# TO DO
Using the listing below, print the line containing "Poster - Young", the line containing "Mary Jose Alvarez", and each line between them, exactly and nothing else. Pictures stay out of the print.

# MATERIAL PROVIDED
════════════════

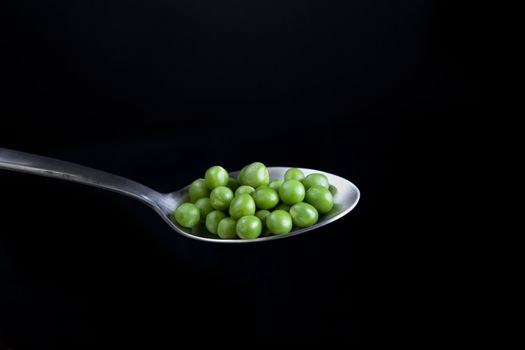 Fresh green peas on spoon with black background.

════════════════

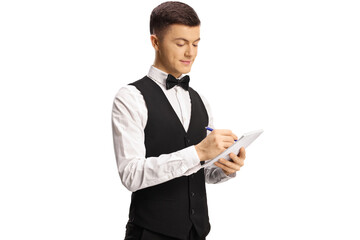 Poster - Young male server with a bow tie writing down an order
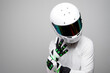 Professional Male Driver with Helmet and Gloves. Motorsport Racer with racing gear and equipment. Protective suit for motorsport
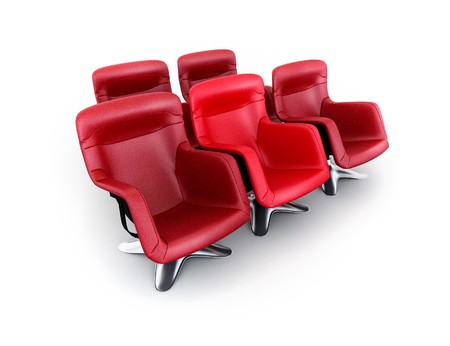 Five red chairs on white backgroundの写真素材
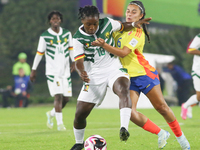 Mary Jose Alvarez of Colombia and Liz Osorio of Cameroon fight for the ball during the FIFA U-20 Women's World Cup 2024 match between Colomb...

════════════════

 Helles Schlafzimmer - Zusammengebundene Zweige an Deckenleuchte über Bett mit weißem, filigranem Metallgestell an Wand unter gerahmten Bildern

════════════════

# OUTPUT FOR THIS EXERCISE
 Poster - Young male server with a bow tie writing down an order
 Professional Male Driver with Helmet and Gloves. Motorsport Racer with racing gear and equipment. Protective suit for motorsport
 Five red chairs on white backgroundの写真素材
 Mary Jose Alvarez of Colombia and Liz Osorio of Cameroon fight for the ball during the FIFA U-20 Women's World Cup 2024 match between Colomb...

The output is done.